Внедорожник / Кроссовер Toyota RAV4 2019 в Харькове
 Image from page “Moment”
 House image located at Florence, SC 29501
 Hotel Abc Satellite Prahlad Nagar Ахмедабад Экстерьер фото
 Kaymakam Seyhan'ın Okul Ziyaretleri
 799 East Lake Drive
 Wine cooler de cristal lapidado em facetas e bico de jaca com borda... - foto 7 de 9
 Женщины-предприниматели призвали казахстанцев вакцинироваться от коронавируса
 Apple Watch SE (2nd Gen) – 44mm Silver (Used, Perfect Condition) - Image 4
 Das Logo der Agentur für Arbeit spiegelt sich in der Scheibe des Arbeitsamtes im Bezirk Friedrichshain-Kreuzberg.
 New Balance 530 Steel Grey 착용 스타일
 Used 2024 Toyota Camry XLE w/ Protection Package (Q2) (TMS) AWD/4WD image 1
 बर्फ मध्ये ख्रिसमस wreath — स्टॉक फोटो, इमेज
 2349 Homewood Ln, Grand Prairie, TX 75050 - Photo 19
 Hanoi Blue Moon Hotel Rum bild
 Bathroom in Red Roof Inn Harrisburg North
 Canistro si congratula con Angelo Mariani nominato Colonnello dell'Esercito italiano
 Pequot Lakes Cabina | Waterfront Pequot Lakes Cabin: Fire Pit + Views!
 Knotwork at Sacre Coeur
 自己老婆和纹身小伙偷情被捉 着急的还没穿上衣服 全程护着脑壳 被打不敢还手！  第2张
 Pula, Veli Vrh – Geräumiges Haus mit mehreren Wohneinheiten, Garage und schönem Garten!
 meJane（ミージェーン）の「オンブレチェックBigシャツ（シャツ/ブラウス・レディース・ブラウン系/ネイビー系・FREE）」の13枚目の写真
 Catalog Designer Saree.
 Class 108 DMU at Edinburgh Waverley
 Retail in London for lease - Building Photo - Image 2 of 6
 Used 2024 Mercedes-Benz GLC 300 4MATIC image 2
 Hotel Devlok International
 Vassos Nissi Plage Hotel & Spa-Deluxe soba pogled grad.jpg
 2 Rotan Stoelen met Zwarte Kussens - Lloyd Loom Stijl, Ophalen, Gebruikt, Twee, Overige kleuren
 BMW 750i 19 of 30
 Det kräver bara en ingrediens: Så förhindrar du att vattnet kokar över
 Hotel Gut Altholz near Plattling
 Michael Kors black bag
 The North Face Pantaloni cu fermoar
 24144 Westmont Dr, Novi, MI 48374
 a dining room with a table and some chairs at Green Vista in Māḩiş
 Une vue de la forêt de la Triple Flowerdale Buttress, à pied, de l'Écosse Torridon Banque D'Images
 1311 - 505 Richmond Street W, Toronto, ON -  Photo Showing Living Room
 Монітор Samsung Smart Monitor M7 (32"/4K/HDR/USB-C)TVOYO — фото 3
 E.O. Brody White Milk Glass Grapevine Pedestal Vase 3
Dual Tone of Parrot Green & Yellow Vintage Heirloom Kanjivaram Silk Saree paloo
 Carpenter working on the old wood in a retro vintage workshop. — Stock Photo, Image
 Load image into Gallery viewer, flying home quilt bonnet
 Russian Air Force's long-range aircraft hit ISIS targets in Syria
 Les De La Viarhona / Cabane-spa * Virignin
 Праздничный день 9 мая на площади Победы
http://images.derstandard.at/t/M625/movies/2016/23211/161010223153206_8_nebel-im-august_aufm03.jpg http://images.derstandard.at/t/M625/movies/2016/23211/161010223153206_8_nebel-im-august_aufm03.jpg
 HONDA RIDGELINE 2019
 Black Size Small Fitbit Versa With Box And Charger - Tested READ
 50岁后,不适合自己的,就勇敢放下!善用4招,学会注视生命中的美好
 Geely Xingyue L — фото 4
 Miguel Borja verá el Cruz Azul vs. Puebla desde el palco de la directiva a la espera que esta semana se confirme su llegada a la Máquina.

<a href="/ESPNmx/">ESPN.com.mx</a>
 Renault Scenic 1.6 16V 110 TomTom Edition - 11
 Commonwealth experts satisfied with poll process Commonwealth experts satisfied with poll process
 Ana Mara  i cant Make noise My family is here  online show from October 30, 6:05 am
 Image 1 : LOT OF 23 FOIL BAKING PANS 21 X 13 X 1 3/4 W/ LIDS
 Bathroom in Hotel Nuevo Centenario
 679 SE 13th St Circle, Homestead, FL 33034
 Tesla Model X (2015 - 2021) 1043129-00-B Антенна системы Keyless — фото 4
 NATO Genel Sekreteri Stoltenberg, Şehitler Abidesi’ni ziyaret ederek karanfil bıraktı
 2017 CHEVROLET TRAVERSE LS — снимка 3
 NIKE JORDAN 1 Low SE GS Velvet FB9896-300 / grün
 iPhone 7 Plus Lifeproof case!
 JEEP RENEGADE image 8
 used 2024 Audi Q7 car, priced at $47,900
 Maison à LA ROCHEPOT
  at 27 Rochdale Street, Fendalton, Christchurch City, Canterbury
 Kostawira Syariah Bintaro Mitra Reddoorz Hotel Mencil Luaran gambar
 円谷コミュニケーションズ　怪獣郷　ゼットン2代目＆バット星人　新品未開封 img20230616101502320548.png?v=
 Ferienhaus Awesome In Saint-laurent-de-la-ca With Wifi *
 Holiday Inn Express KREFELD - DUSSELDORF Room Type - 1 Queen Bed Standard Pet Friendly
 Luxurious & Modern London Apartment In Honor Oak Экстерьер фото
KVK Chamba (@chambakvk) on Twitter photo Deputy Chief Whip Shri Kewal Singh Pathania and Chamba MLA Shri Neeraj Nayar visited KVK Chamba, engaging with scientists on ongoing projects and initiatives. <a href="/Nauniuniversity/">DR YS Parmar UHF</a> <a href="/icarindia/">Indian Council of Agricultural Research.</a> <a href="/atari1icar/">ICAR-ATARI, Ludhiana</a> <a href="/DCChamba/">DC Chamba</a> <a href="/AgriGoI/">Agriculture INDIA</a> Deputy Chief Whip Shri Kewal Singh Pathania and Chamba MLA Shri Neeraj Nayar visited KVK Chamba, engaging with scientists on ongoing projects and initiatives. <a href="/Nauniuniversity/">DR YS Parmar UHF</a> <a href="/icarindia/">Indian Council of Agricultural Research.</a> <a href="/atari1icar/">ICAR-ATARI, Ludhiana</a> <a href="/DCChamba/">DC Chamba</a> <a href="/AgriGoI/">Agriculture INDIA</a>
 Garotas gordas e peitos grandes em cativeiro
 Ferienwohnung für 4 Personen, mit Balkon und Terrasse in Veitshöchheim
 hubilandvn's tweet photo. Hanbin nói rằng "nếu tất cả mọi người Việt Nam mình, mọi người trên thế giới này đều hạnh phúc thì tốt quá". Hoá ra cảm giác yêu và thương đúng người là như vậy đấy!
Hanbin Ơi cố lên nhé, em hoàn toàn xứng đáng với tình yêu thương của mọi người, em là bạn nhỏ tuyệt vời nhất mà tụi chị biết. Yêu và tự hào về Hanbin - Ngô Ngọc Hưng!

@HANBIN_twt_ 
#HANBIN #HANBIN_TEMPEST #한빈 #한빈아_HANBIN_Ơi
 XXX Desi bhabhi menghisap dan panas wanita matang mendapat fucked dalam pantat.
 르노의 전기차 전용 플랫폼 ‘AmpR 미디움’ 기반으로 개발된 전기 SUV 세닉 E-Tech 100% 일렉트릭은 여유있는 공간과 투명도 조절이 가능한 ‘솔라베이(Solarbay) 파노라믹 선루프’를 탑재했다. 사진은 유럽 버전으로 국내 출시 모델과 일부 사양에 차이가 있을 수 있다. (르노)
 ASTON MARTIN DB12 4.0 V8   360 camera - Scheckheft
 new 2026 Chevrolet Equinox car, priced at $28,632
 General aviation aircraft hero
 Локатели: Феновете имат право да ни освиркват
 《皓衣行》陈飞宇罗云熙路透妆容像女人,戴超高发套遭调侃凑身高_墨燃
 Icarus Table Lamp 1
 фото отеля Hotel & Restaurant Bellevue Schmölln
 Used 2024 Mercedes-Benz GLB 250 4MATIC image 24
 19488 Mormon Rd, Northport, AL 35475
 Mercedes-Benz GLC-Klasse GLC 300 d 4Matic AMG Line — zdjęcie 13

◆ Work to complete
Produce only the lines from the line containing "Ferienhaus Awesome In" through the line containing "Luxurious & Modern", inclusive of both, exactly as they stand in the entries above.

◆ Response below
 Ferienhaus Awesome In Saint-laurent-de-la-ca With Wifi *
 Holiday Inn Express KREFELD - DUSSELDORF Room Type - 1 Queen Bed Standard Pet Friendly
 Luxurious & Modern London Apartment In Honor Oak Экстерьер фото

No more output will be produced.